Creating financial access for the urban working poor is critical, according to the Managing Director of International Blockchain Monetary Reserve and ARCC Asia Reserve Currency Coin.

Five years ago, Sinjin David Jung left his native South Korea and entered the rapidly growing world of fintech in South–East Asia. As Vice Chairman for TrueMoney in the Philippines, he oversaw the birth and expansion of a digital payment tool that puts money in the pockets of millions of working people.

However, beyond the convenience of digital payments and remittances, Jung saw the potential for fintech to serve a higher purpose.

“For the last couple of years, I have been focusing on my passion project: financial inclusion in decentralised economies through cryptocurrencies,” he said in early 2019, at the 8th Global Family Office Investment Summit hosted by Sir Anthony Ritossa in Dubai, where leading families from around the world represented over US$4 trillion in investor wealth.

“This social impact project is my road to redemption, with all the knowledge that I have acquired, I really want to do something ethical and good. My devotion is dealing with emerging markets that are growing but the average person has not yet benefited from that growth,” he said.

This project took the form of the International Blockchain Monetary Reserve (IBMR), whose mission is to break the cycle of poverty, exploitation and wealth disparity in failing emerging markets through the decentralised network effects of blockchain technology.

“I launched the IBMR, which I envision to one day be the independent IMF of crypto and digital currencies worldwide.

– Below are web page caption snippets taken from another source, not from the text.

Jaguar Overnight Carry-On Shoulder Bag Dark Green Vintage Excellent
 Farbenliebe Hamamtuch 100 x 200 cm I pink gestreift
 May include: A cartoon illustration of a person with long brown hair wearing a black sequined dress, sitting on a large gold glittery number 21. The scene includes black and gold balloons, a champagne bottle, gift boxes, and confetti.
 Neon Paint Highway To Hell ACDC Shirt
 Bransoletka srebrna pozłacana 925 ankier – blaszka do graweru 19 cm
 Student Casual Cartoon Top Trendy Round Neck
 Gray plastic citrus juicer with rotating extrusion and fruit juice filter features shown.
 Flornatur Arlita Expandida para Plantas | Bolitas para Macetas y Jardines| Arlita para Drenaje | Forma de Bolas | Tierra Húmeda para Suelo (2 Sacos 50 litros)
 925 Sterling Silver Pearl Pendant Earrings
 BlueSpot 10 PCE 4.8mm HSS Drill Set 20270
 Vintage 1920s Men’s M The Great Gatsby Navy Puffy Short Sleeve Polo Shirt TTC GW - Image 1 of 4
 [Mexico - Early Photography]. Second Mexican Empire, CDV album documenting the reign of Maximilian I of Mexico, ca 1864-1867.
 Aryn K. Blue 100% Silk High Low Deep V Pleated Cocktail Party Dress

Our first region is South–East Asia, and I hope to launch the largest micro asset network, essentially allowing the urban working poor to be part of a decentralised information network, to report on government corruption, and general problems in the community,” he said at the summit.

Through the IBMR, Jung hopes to create financial access for the unbanked working poor and ultimately spread South–East Asia’s colossal recent growth – 66% as a region over the past 10 years – more equitably among the quarter-billion-strong population.

In March 2020, IBMR announced that it had secured US$3.48 million as an investment seed into the Asia Reserve Currency Coin (ARCC) Currency Reserve – a trove of cryptocurrency that Jung has designed to be the engine for a new type of microfinance for the urban working poor and end economic exploitation.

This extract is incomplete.